In short, the Factory Pattern is a design pattern used to create classes or structures. It centralizes the creation rules to a single place in your code.

Use

I use the Factory Pattern in three situations.

Enable Substitution

Let’s say I’m building an eCommerce website and I want to allow my customers to select different payment options, like Credit Card, BitCoin, Apple Pay, or PayPal. After the user selects the option, enters some information, and submits,  the application will process the order and payment. At that time, the code will create  the chosen payment gateway, this is where the Factory Pattern comes in handy. The code will ask the factory to create a Payment Gateway object, typically defined as an abstract class or interface, from the option.
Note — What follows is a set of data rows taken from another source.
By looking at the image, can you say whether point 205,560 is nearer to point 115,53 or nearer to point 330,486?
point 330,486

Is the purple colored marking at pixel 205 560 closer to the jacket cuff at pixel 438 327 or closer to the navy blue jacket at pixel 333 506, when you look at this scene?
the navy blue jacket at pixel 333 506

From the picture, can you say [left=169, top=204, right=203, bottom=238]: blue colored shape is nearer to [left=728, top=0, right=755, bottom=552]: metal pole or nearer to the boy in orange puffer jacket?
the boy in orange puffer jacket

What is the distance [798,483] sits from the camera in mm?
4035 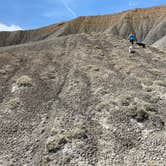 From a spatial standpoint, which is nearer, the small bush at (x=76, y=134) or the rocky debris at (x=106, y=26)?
the small bush at (x=76, y=134)

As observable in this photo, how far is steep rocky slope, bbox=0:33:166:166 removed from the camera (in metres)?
8.43

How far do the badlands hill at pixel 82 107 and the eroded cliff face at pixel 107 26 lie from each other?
5576cm

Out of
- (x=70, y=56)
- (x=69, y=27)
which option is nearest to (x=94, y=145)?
(x=70, y=56)

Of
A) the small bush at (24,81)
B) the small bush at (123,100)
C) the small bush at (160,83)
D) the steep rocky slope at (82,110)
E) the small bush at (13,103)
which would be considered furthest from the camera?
the small bush at (24,81)

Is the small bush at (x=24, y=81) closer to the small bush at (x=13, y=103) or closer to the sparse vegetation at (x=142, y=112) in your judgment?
the small bush at (x=13, y=103)

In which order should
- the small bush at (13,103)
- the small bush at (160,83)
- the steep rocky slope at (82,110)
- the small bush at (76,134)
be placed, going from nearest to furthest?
the steep rocky slope at (82,110), the small bush at (76,134), the small bush at (13,103), the small bush at (160,83)

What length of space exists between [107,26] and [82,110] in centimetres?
7690

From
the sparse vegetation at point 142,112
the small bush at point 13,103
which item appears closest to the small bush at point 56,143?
the sparse vegetation at point 142,112

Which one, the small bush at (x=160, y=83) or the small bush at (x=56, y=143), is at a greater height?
the small bush at (x=160, y=83)

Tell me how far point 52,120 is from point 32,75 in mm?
6048

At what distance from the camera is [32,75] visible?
15688 mm

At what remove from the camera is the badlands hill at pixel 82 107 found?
845 centimetres

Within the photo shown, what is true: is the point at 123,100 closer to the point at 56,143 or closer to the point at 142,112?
the point at 142,112

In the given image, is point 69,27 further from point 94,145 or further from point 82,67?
point 94,145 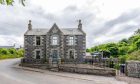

If the option Credit Card the factory will return a Credit Card Payment Gateway object. By using an abstract class or interface for the Payment Gateway, we can substitute any implementation.

Hide Creation Rules

In the example earlier, the factory is hiding the rules for creating a Payment Gateway. It’s very simple, it creates an object based on a single variable, the selected payment type. Business rules aren’t always so simple. As applications evolve, business rules grow. Instead of maintaining multiple copies of an object’s creation it’s helpful to centralize to a single place, such as a factory. Even if you need multiple functions to create the same object, all the rules will live one class. Lastly, centralizing the rules also makes it very testable.

Testing

Once you’ve centralized the rules you can write unit tests specifically for the creation process. Additionally, Factories make testing other parts of the application stronger because you mock or stub the creation logic out and refocus the test.